▼▼▼

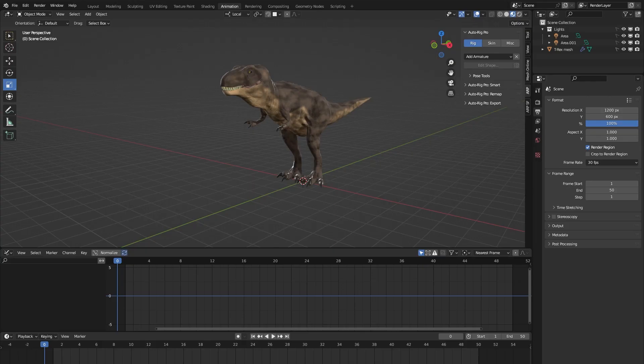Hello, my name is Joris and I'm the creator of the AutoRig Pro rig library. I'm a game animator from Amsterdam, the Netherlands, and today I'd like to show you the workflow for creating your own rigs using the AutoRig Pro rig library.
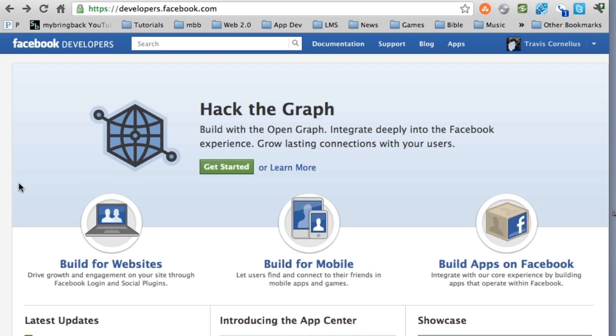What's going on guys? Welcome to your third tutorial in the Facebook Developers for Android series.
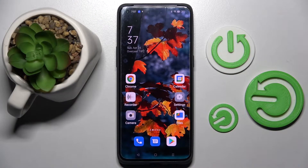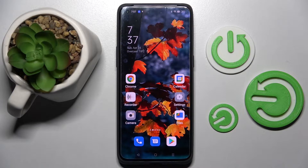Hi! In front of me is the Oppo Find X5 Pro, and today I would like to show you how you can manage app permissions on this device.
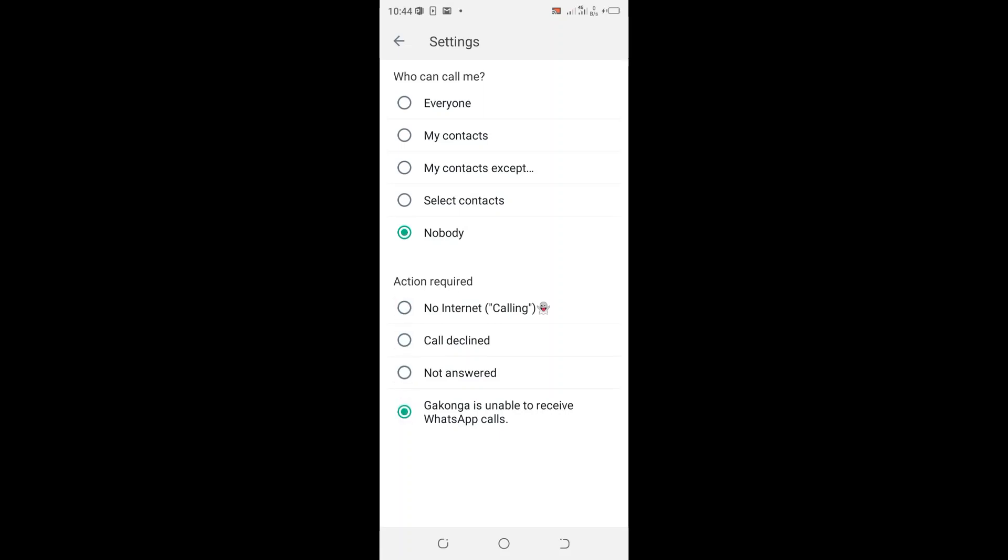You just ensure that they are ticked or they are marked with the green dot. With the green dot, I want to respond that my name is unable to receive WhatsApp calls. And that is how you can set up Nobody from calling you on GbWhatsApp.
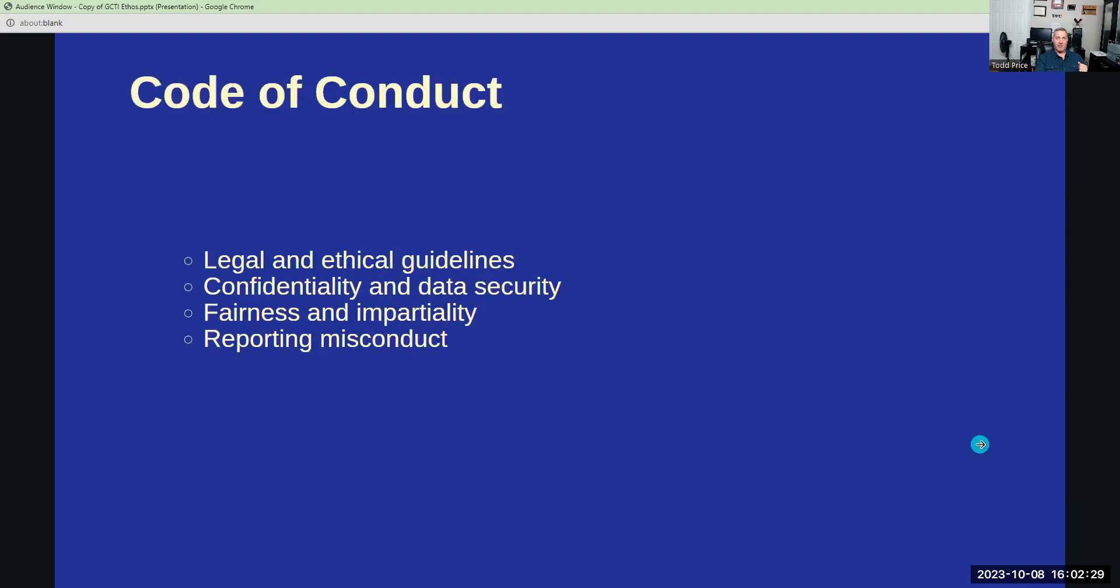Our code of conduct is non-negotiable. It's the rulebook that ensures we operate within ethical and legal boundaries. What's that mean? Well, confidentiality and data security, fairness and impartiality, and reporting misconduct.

▲▲▲

REQUIREMENT |
Write the listing out in full, exactly; no images.

RESPONSE |
Hello, my name is Joris and I'm the creator of the AutoRig Pro rig library. I'm a game animator from Amsterdam, the Netherlands, and today I'd like to show you the workflow for creating your own rigs using the AutoRig Pro rig library.
What's going on guys? Welcome to your third tutorial in the Facebook Developers for Android series.
Hi! In front of me is the Oppo Find X5 Pro, and today I would like to show you how you can manage app permissions on this device.
You just ensure that they are ticked or they are marked with the green dot. With the green dot, I want to respond that my name is unable to receive WhatsApp calls. And that is how you can set up Nobody from calling you on GbWhatsApp.
Our code of conduct is non-negotiable. It's the rulebook that ensures we operate within ethical and legal boundaries. What's that mean? Well, confidentiality and data security, fairness and impartiality, and reporting misconduct.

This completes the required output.